The closing performance of Mendelssohn’s sunny Italian Symphony was a middle-of-the-road affair until the finale, where Markson and his players became energised by the thrills of co-ordinating the demanding Saltarello at speed. Here the music making at last moved up a few levels in pointedness of delivery.

MICHAEL DERVAN

Opera Theatre Company

O’Reilly Theatre, Belvedere College, Dublin

Handel – Xerxes.

Handel’s opera Serse (or Xerxes as it is known in English translation), which ran for just five performances at its first production in 1738, is famous well beyond the world of opera.

The fame stems from instrumental arrangements of the opening aria, widely known as Handel’s Largo (although the aria itself is marked Larghetto), and the opera traces complications of amatory intrigue and deceit surrounding the Persian king, Xerxes.

Opera Theatre Company’s new production, updating the piece to Napoleonic times, is of the kind that strips the work bare.

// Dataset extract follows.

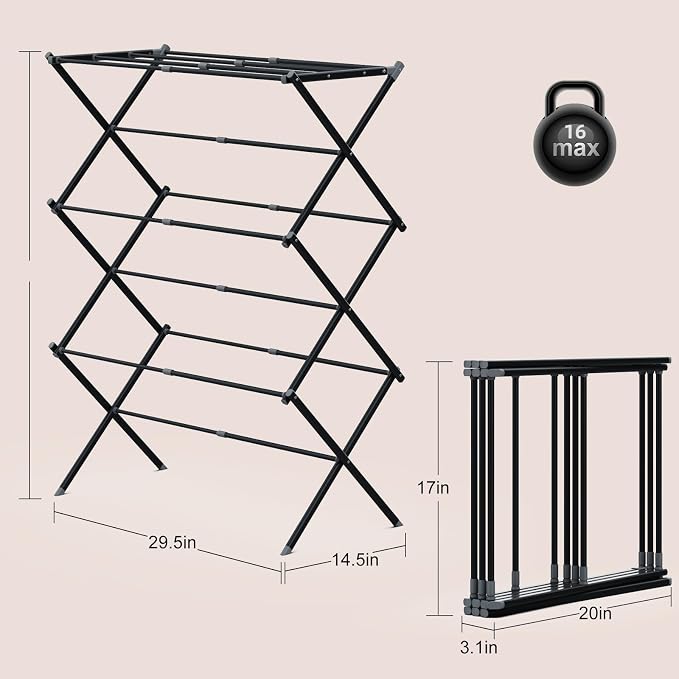 Drying Rack for Laundry, Foldable Clothes Drying Rack, Small Collapsible Dry - Image 5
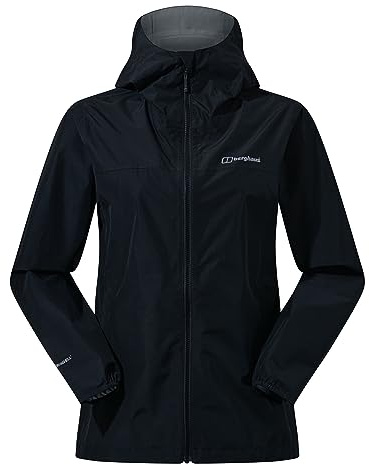 Berghaus Women's Deluge Pro 3.0 Shell Rain Jacket | Breathable Coat | Durable | Waterproof | Adjustable Waterproof Jacket, Black/Black, 12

This is less a matter of the admittedly spare production (directed by Michael Moxham and designed by Sarah Bacon) than of the musical side of the evening.

There’s no chorus and the orchestra is stripped of wind and brass, and reduced to just five players – string quartet and harpsichord – without even a double bass.

At the opening night,

in the O’Reilly Theatre on Saturday, the instrumental playing, directed from the harpsichord by Andrew Synnott, was often private, self-centred even, as if the musicians were involved in anything but the heightened emotional specifics of opera.

The sense of rapport with the singers was extremely limited, musical drive was almost completely absent, and the specific import of the words, both in recitative and in the arias, was often lost.

Most of the singers did find moments when they transcended the evening’s feeble heartbeat. Mezzo soprano Imelda Drumm’s vocally sure Xerxes frequently set about winding up the tension, though not without moments of unnecessary flouncing.

Soprano Natasha Jouhl’s Romilda (the object of the king’s affections) showed a more consistent engagement, and there were moments when the Amastris of mezzo soprano Allison Cook suggested real potential.

Counter tenor Mark Chambers’s Arsamenes followed a path of light-toned, even-tempered musicianship, and baritone Brendan Collins made the most of the role of the comic servant Elviro.

The single most impressive moment came from the Ariodates of baritone Giles Davies, who briefly showed how a determined singer, standing and delivering, can become a dominating musical force, and bring words and music into sharp focus.